I am currently working on an AIR app and I'm trying to get a certain block of text from a website where that block of text is always between two specific strings that contain links that change from page to page.

It looks something like this:

<p><a href="**changes**">Previous Chapter</a> <a href="**changes**"><span style="float: right">Next Chapter</span></a></p>
.
.
_desired content_
.
.
<p><a href="**changes**">Previous Chapter</a> <a href="**changes**"><span style="float: right">Next Chapter</span></a></p>

*The two strings are identical

Now, I have tried several RegEx expressions but without success. I just can't get my head around Regex in general...

The last expression I've tried is: /(?<=<p><a href=\".+\">Previous Chapter<\/a> <span style=\"float: right\"><a href=\".+\">Next Chapter<\/a><\/span><\/p>)(.*)(?=<p><a href=\".+\">Previous Chapter<\/a> <span style=\"float: right\"><a href=\".+\">Next Chapter<\/a><\/span><\/p>)/gsi
but that one isn't even being recognized as a RegEx.

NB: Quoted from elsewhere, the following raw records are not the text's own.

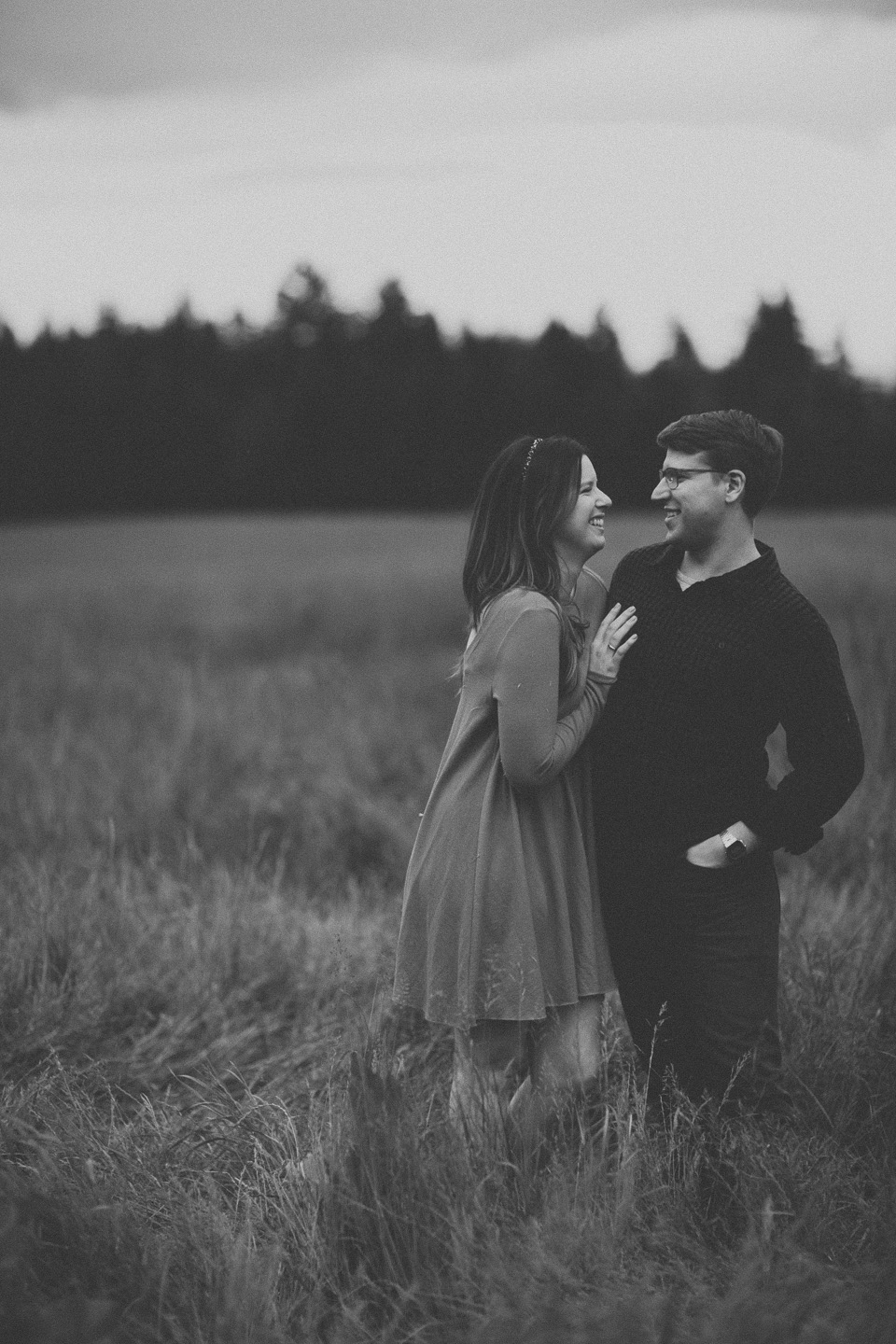 candid engagement photographer portland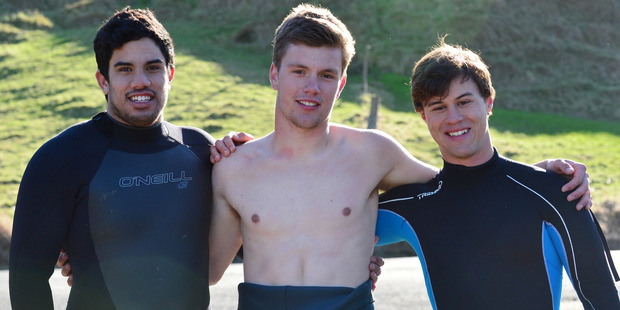 Tahu Nikora, Max Richard and Theo Montel were praised for their actions after getting into trouble. Photo / Otago Daily Times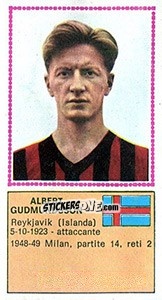 Cromo Albert Gudmundsson - Calciatori 1970-1971 - Panini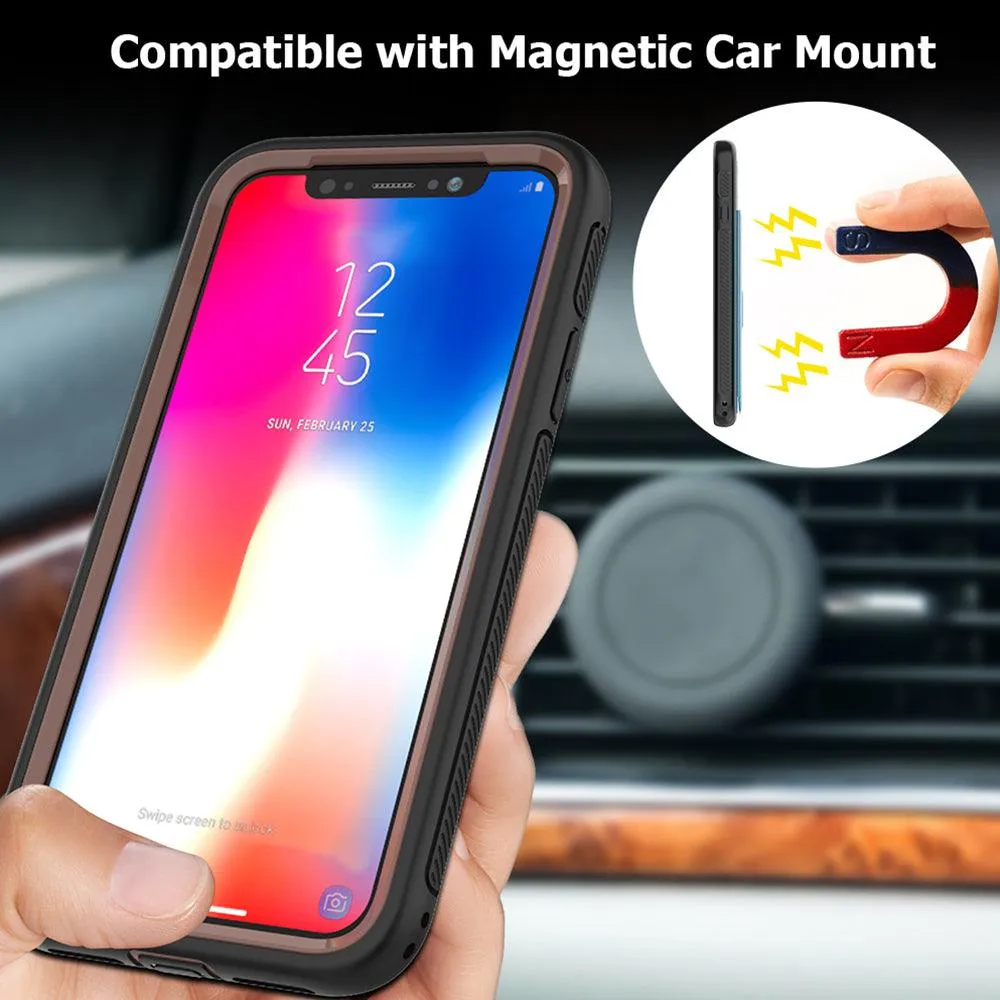 Apple iPhone XS / Apple iPhone X Magnetic Folio Leather Wallet W. Card Slot and Stand Case by Modes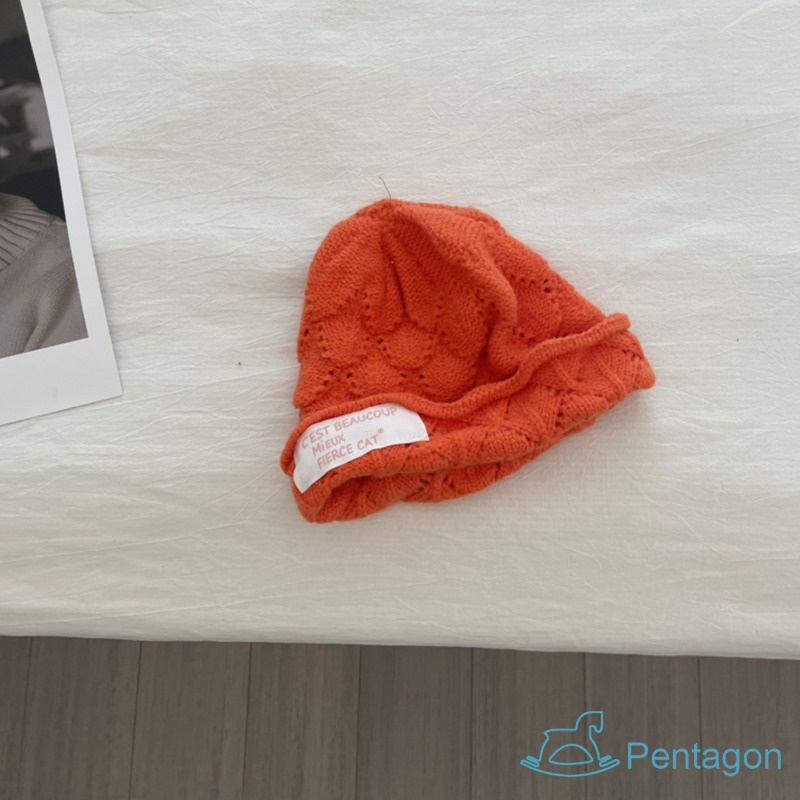 Mũ Len Trùm Đầu Màu Trơn Dễ Thương Cho Bé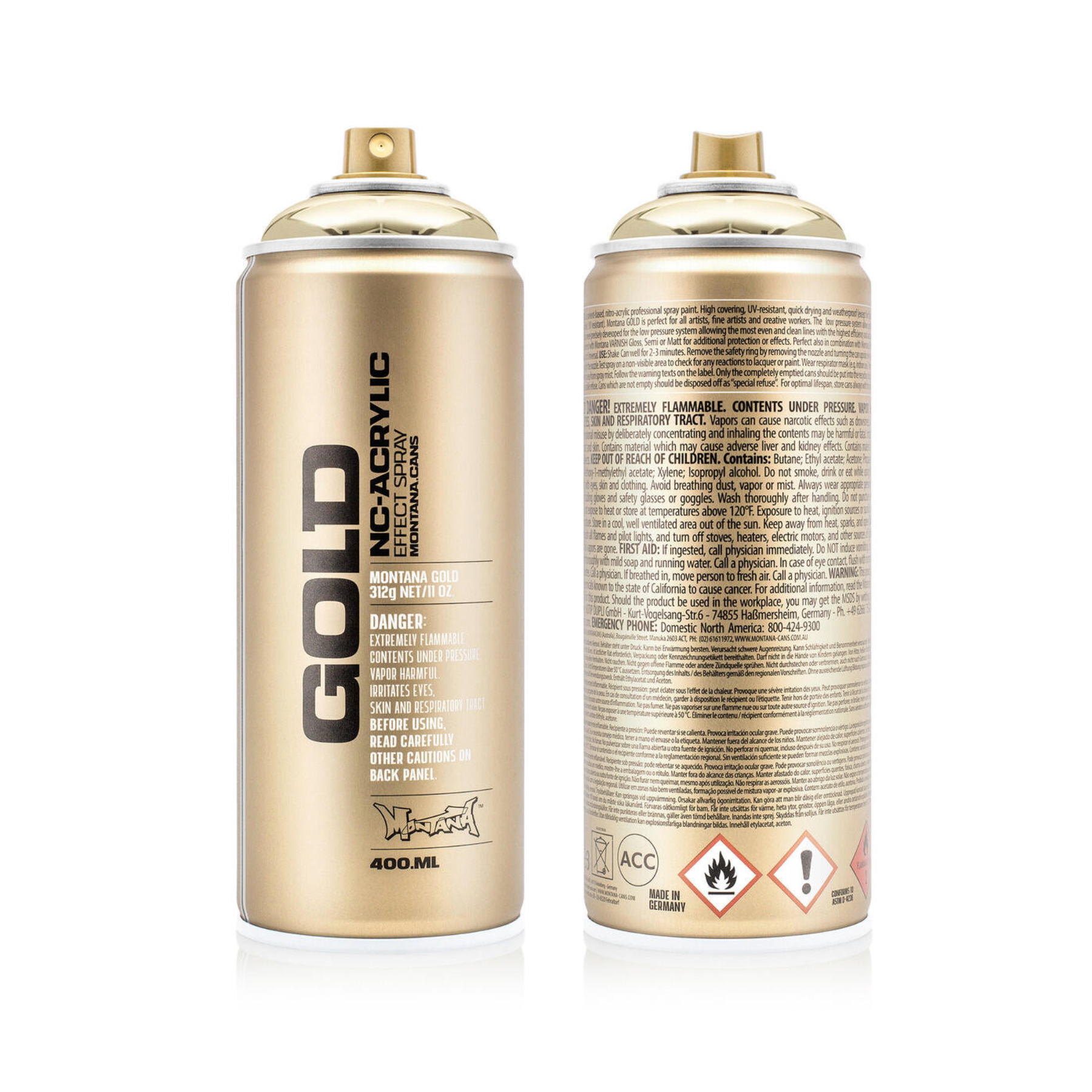 Montana Gold low-pressure graffiti spray paint can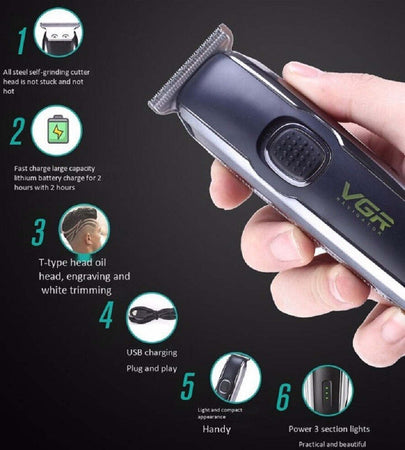Tagliacapelli Barba Professionale Rasoio Ricaricabile Senza Fili Rifinitore V020 Salute e Bellezza > Depilazione e rasatura > Rasoi e Tagliacapelli Trade Shop italia - Napoli, Commerciovirtuoso.it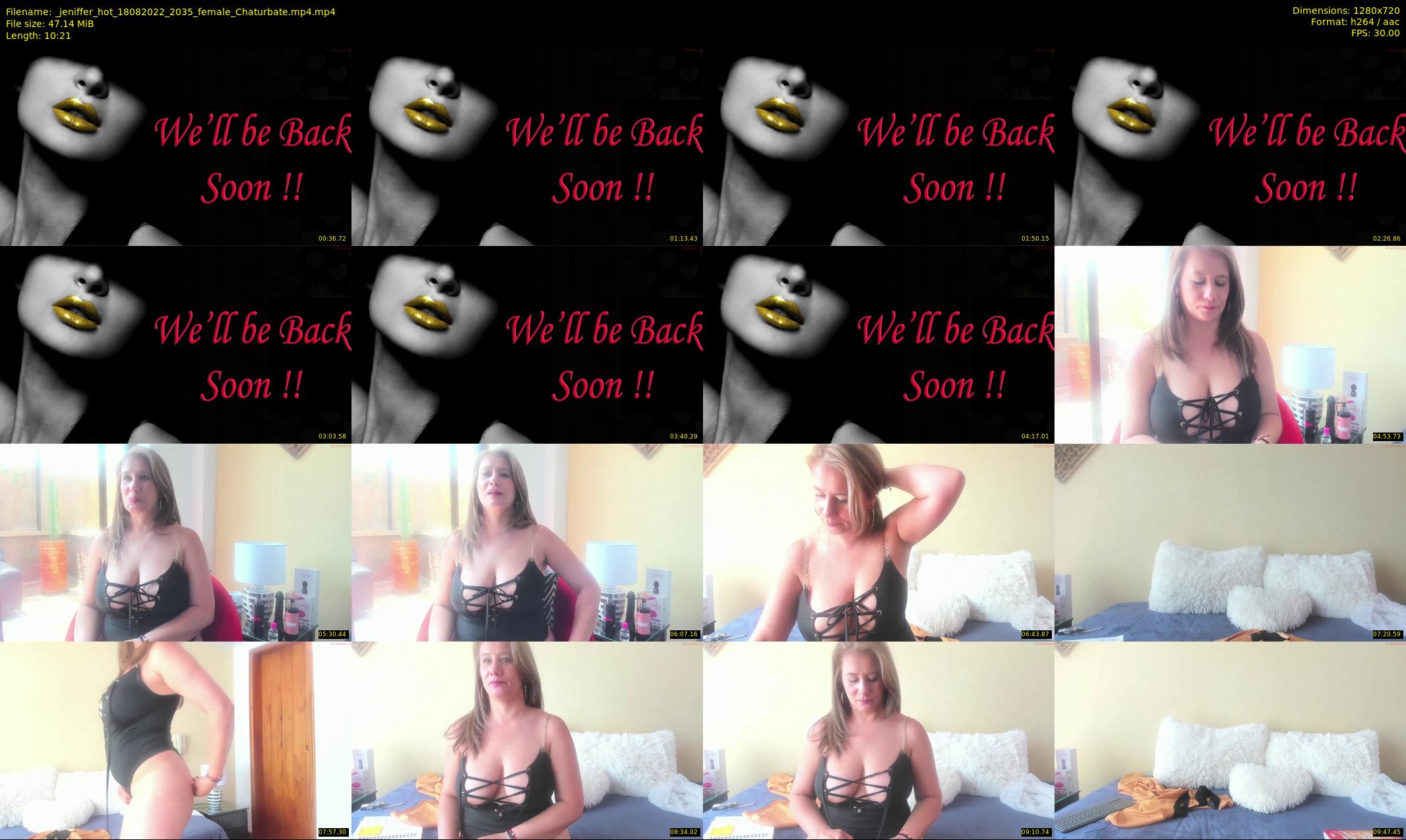 _jeniffer_hot — 11 minute Chaturbate female cam show recording, 720p, Aug 18, 2022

I would really appreciate any help with the subject.

Thanks in advance!

EDIT:

Thanks to Organis's help I managed to solve the problem, it was indeed easier and better NOT using RegEx. This is what i ended up doing:

text=text.split("Next Chapter<\/span><\/a><\/p>")[1].split("Previous Chapter<\/a>")[0];
text=text.substring(0,text.lastIndexOf("<p><a href"));
Onlu
  • 51
  • 4

1 Answers1

0

Do not use RegEx. Read why: https://blog.codinghorror.com/parsing-html-the-cthulhu-way/.

Extract text between two fixed <span style="float: right">Next Chapter</span></a></p>, then cut finalizing <p><a href="**changes**">Previous Chapter</a> <a href="**changes**"> off.

Organis
  • 7,243
  • 2
  • 12
  • 14